# WORK TASK
Using the material below, return exactly the lines between the one holding "Sex Tourist Sues" and the one holding "2003 Chevrolet Impala Base Sedan", inclusive, and no others.

# DATA FOR THIS TASK

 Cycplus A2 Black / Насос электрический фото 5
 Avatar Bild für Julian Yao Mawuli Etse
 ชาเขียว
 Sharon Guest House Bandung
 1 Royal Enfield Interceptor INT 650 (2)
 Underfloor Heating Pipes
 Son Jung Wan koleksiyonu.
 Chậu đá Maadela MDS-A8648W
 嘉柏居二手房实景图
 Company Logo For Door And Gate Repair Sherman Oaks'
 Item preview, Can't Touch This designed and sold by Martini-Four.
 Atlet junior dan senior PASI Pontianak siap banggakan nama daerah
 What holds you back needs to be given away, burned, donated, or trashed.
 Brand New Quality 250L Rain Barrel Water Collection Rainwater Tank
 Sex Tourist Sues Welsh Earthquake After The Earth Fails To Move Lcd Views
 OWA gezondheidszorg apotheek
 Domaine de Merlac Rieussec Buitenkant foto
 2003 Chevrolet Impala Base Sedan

...

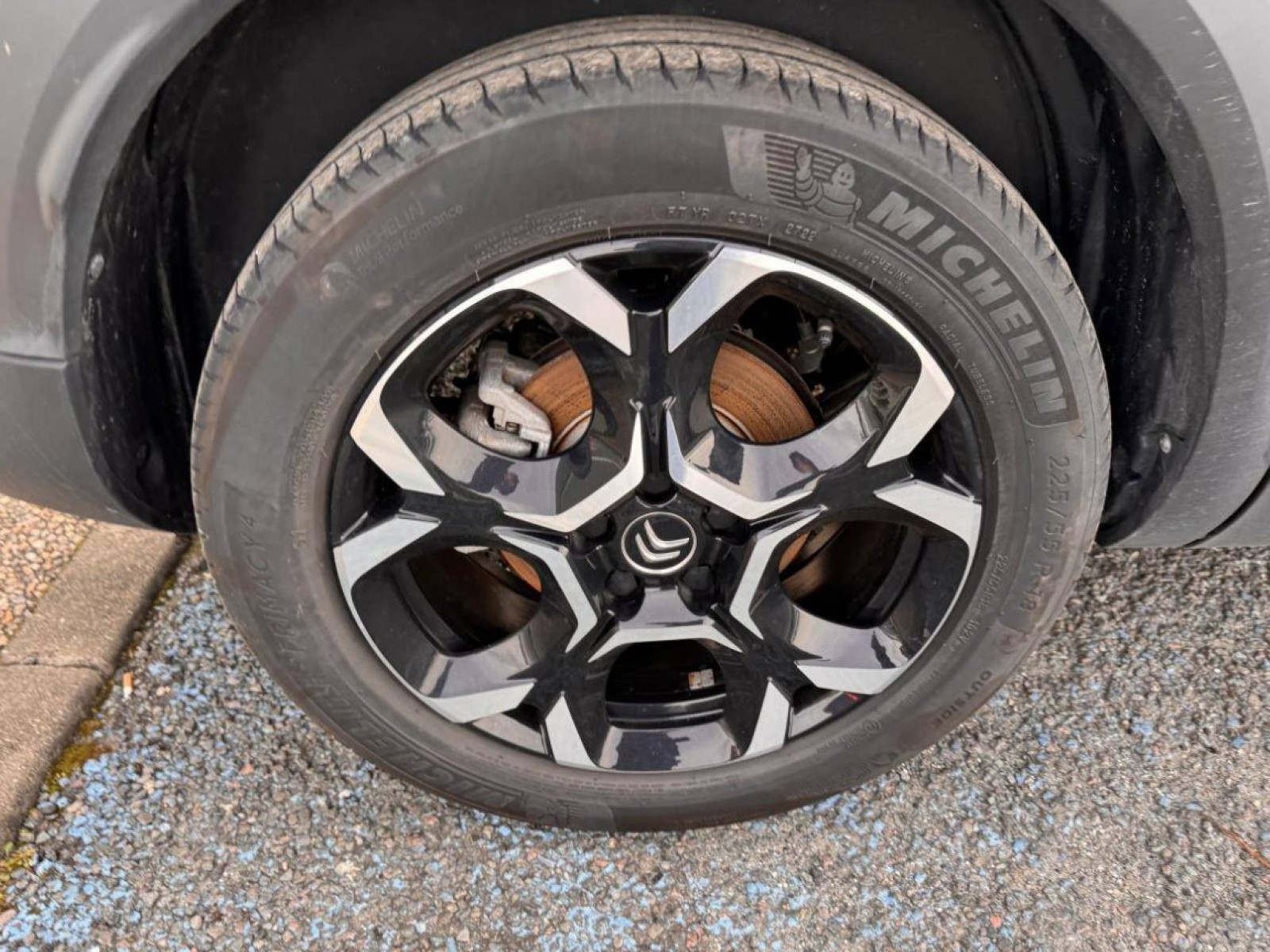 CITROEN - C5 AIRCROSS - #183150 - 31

* * *

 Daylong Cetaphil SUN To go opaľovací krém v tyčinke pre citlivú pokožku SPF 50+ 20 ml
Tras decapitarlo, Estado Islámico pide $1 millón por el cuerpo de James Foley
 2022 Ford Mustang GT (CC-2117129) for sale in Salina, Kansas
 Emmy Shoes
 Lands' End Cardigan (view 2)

# RESULT OF THE EXERCISE
 Sex Tourist Sues Welsh Earthquake After The Earth Fails To Move Lcd Views
 OWA gezondheidszorg apotheek
 Domaine de Merlac Rieussec Buitenkant foto
 2003 Chevrolet Impala Base Sedan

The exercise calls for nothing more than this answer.